SmartO subtítulo da edição brasileira tenta entregar o conteúdo, sem refletir necessariamente o que está em “Smart” (Civilização Brasileira): “O que você não sabe sobre a internet”.

O livro do jornalista e sociólogo francês Frédéric Martel também busca mostrar o que não sabemos sobre a internet, mas sua preocupação é tratar de enganos honestos, daquilo que a gente imagina que seja verdade, um senso comum, e que se revela como algo oposto.

O que mais salta aos olhos é a discussão sobre o alcance da internet. Se a base do entendimento é que o canal é universal, que ajudou a quebrar fronteiras, disseminou conhecimento, Martel avança com assertividade: a internet pode ser universal, mas seu alcance, sua influência é local.

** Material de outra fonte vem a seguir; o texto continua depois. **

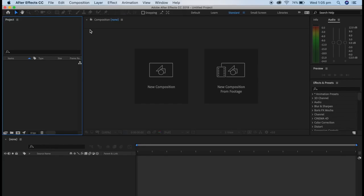I know what you're thinking. The After Effects layout is complicated and messy, but it gets easier.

Essa é uma das internets. Para tanto, vai ao Egito para provar a tese de que a Primavera Árabe teve repercussão mundial, mas sua rede de comunicação foi restrita a Cairo. Investigou como o Oriente Médio reage à força e à liberdade da rede. Visitou a África e sua tentativa de criar polos de tecnologia, ainda dominada pelo exagero e pela ostentação e corrupção. Passou por países pouco afeitos à democracia, como China e Rússia, para tentar entender como eles e a geração tecnológica estão lidando com as possibilidades da internet.

Pelo cardápio de viagens, daria para pensar que Martel só procurou retratar países que não têm tradição nesse universo, mas o capítulo de abertura, sobre os Estados Unidos, mostra que o autor parte de um ponto que acaba se revelando inspiração para os empreendedores dos outros locais.

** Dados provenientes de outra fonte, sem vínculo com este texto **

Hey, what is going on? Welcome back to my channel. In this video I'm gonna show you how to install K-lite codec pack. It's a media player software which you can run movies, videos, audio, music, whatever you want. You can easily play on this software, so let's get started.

Inclusive o Brasil, representado pelo Porto Digital, no Recife, um modelo que reúne numa área empresas de tecnlogia. Os diversos modelos partem sempre de uma base, no caso, o Vale do Silício, e Martel faz um trabalho minucioso para ver não só as semelhanças, mas diferenças que cada país teve que aplicar para se adequar às suas realidades.

Entre elas, costumes, polítcas, culturas e expectativas. Martel não se isenta e revela uma certa preferência pelo modelo brasileiro, mais distante de intervenções fora da esfera do ambiente empreendedor – além, claro, pelo modelo americano, já estabelecido e com fôlego próprio.

O outro ponto é a pesquisa sobre como a internet mudou as relações sociais. Da convocação de ativistas à vigilância de governos, da abertura de infinitas possibilidades empreendedoras à aproximação social, Martel cartografa a internet com propriedade. E o que sai das páginas é uma peça jornalística de primeira, que amplia as impressões sobre a rede, derruba preconceitos e abre os olhos de quem trabalha nesse ambiente.